Dyrygent wszedł na podium, przebiegł wzrokiem po chórze i orkiestrze. Śpiewacy ułożyli nuty w folderach i zajęli wygodne pozycje, trzymając nuty tak by dobrze widzieć swojego dyrektora. Członkowie orkiestry położyli nuty na pulpitach, usadowili się wygodnie w krzesłach i znieruchomieli. Dyrygent czekał jeszcze przez chwilę i obserwował czy wszyscy się przygotowali. Potem, jednym ruchem batuty rozpoczął uwerturę do „Mesjasza” Haendla, wypełniając dźwiękami katedrę.
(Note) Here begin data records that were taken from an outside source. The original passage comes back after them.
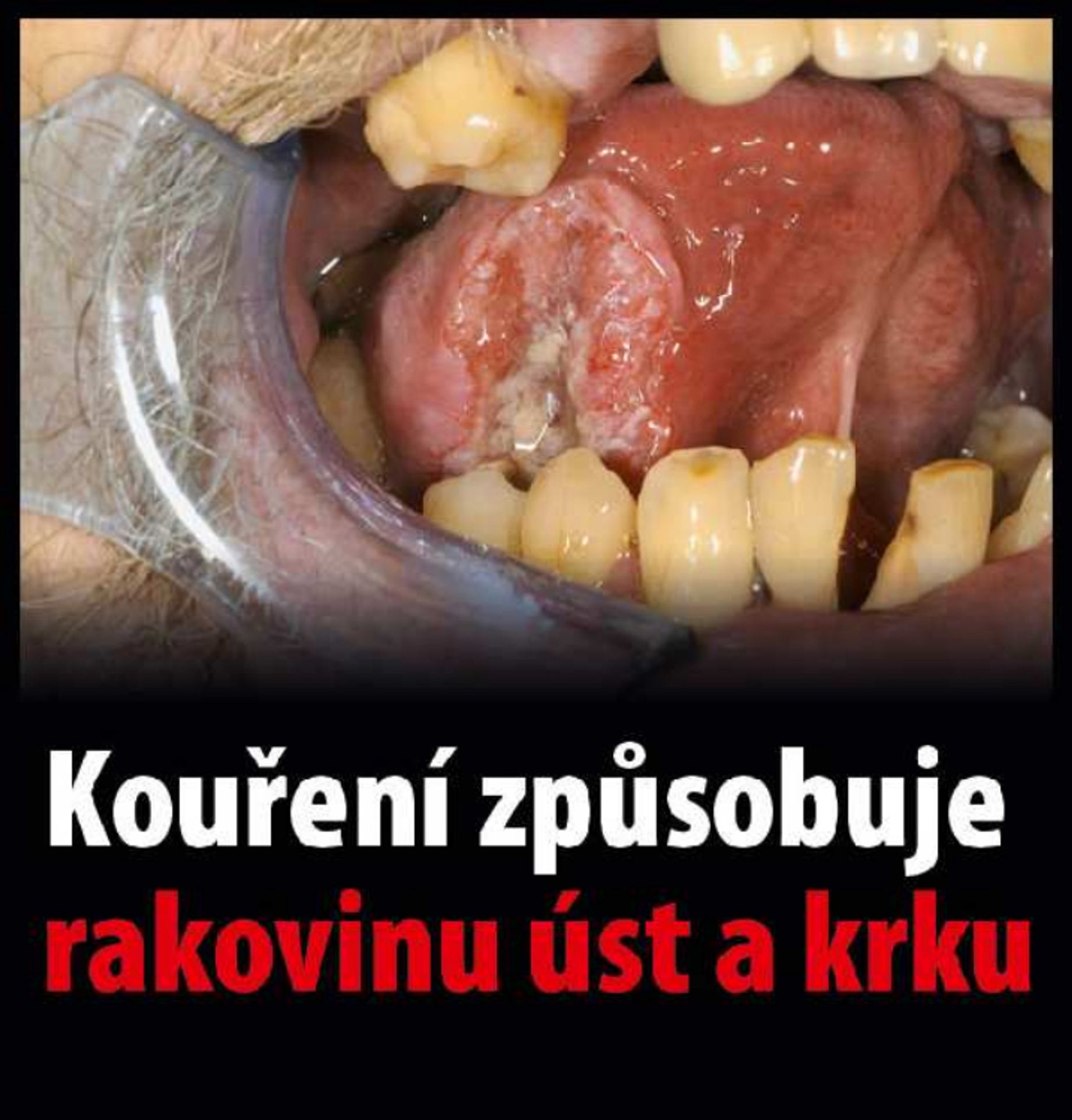 Varovné obrázky na krabičkách cigaret - 24 - GALERIE: Varovné obrázky na krabičkách cigaret (24/42)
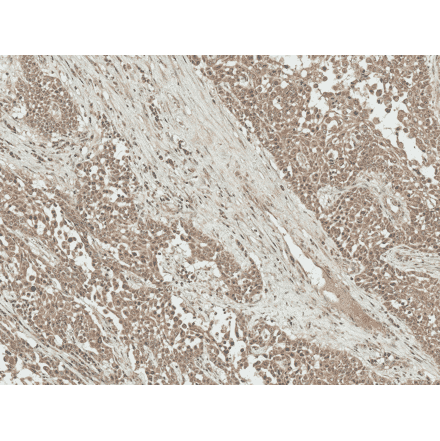 Immunohistochemistry - Anti-IGF1 Antibody (A304908) - Antibodies.com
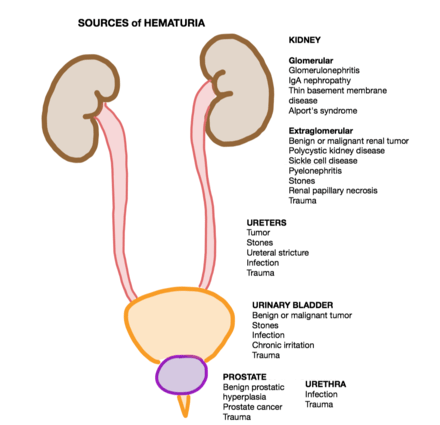 Idiopathic hematuria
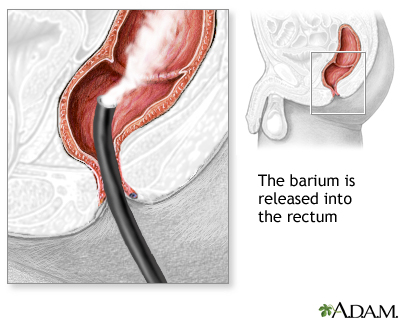 Barium enema Barium enema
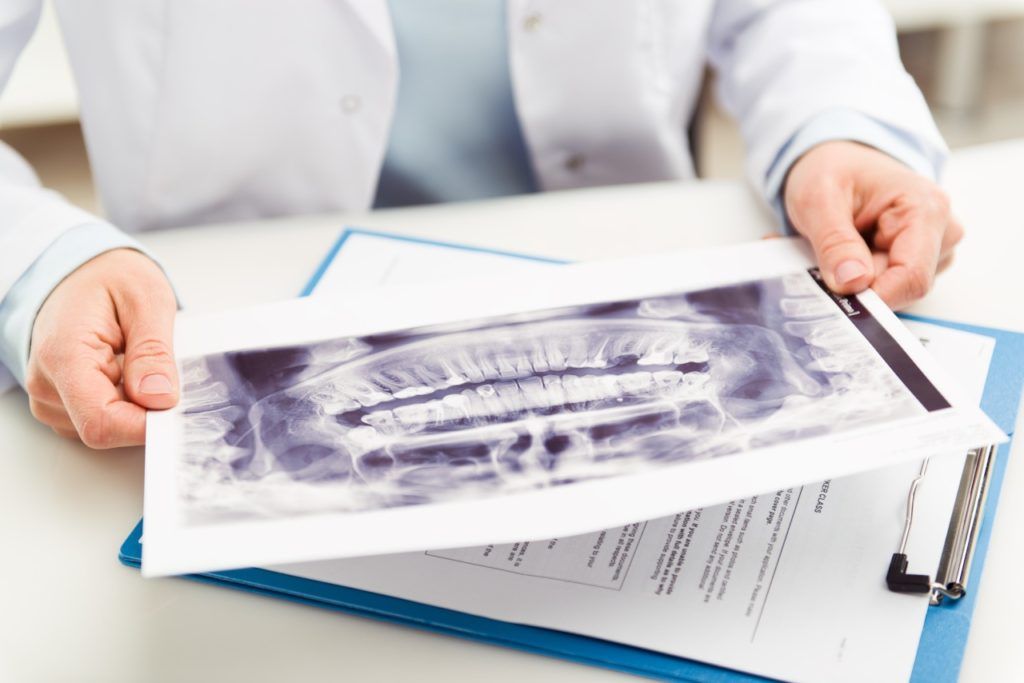 Radiologia dental- BF Estetica Dental - Centro odontológico - Ortodoncia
Otoczona muzyką poczułam, że zanurzyłam się w Bożym Narodzeniu. Bóg we właściwej chwili dał znak i rozpoczął historię, która wzięła swój początek w narodzinach Mesjasza, „arcykapłana dóbr przyszłych” (Hebrajczyków 9:11). W każde święta, gdy obchodzimy pierwsze przyjście Chrystusa przy dźwiękach wspaniałej muzyki, przypominam sobie, że lud Boży, podobnie jak chór i członkowie orkiestry, przygotowuje się na kolejny ruch dyrygenta – na powrót Jezusa. Tego dnia będziemy uczestniczyć wraz z Nim w ostatniej części Bożej symfonii odkupienia, gdy Pan będzie stwarzał wszystko od nowa (Objawienie św. Jana 21:5). W międzyczasie musimy nieustannie patrzeć na dyrygenta i być w stałej gotowości.